__Data block__:
┌────────
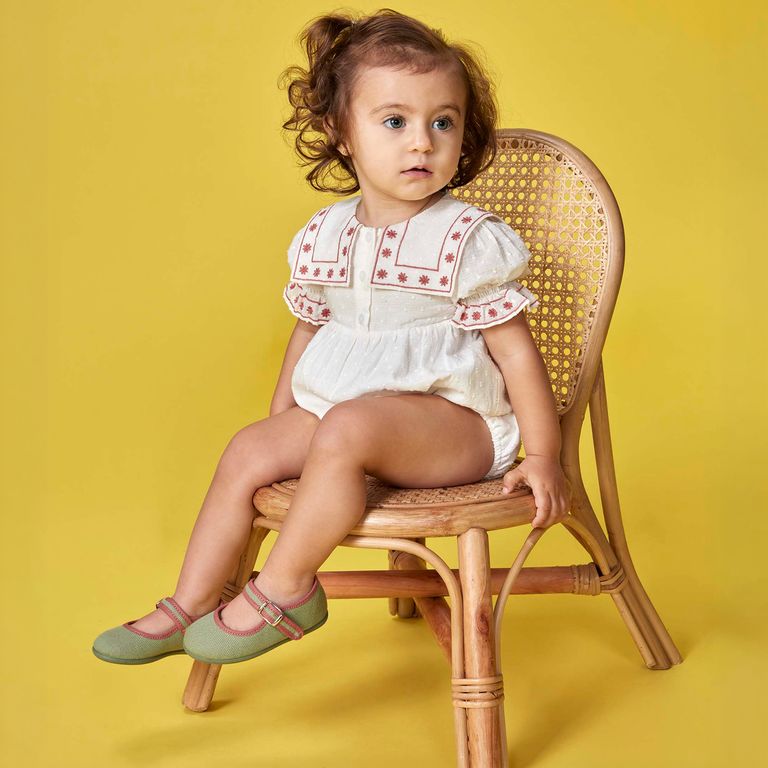 Vestido Ranita Bebé Niña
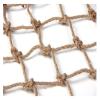 Safety Hemp Netting Heavy Duty Climbing Cargo Net Outdoor Kids Swingset Railing Rope Net Balcony Child Protective Net Garden Plants Decor (Size : 2 * 3m(7 * 10ft)) view 1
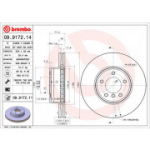 Piduriketas BREMBO 09.9172.11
└────────
__Brief__: Nothing but the text of the listing should be set down, exactly, with the pictures left behind.

__Exercise response__:
 Vestido Ranita Bebé Niña
 Safety Hemp Netting Heavy Duty Climbing Cargo Net Outdoor Kids Swingset Railing Rope Net Balcony Child Protective Net Garden Plants Decor (Size : 2 * 3m(7 * 10ft)) view 1
 Piduriketas BREMBO 09.9172.11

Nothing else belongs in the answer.